Problem requirements:
Please restate, exactly as they appear, only the lines from the one that contains "17 我被老姐当枪使58" to the final line of the entries, with no pictures.

Records contained in a dataset
____________________

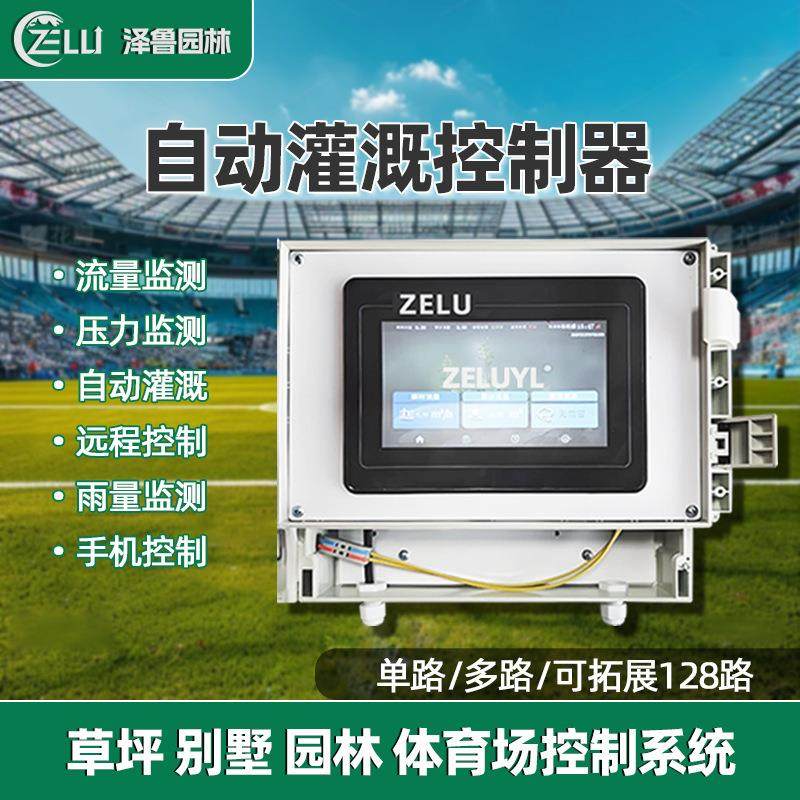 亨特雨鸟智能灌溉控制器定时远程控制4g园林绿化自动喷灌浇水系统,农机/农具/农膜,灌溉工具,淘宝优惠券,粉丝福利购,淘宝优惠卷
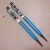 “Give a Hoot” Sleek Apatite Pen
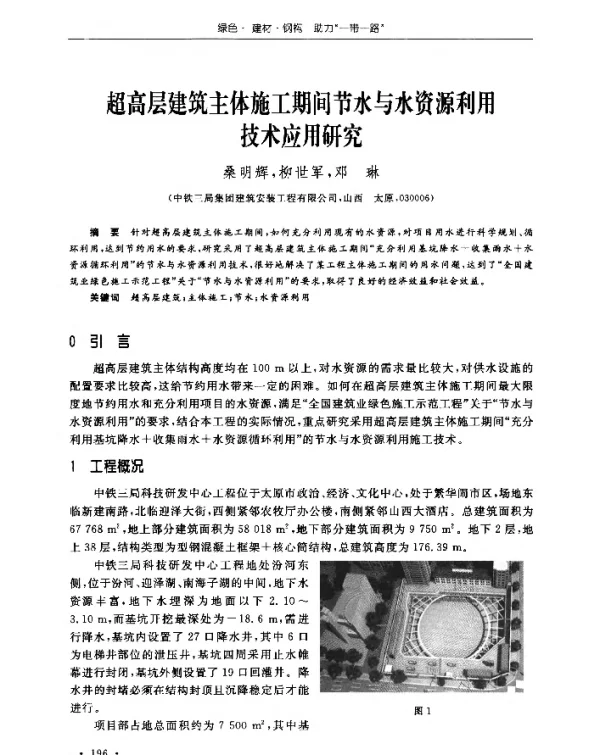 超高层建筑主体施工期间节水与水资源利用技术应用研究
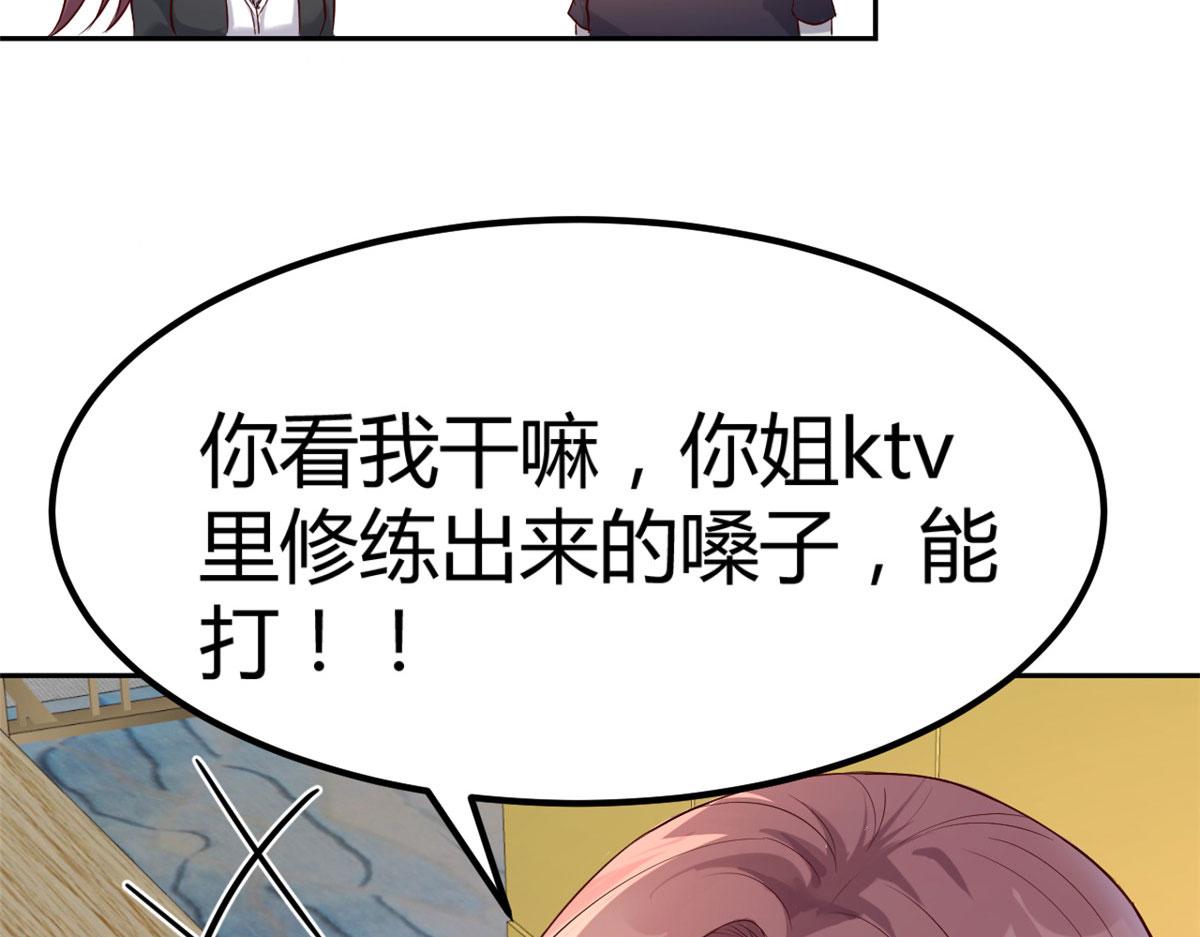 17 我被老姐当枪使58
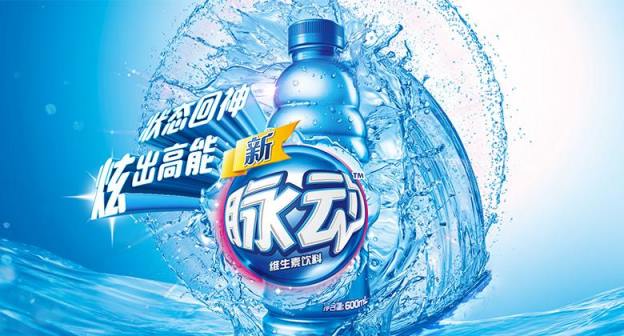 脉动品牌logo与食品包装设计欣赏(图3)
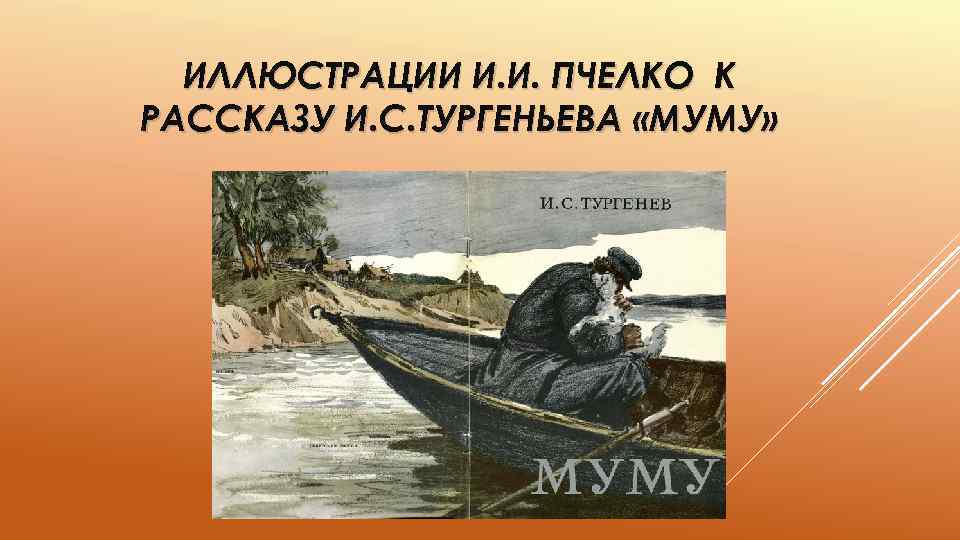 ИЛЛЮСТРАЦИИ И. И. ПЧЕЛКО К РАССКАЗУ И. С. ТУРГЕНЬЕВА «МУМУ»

____________________

Written answer:
 17 我被老姐当枪使58
 脉动品牌logo与食品包装设计欣赏(图3)
 ИЛЛЮСТРАЦИИ И. И. ПЧЕЛКО К РАССКАЗУ И. С. ТУРГЕНЬЕВА «МУМУ»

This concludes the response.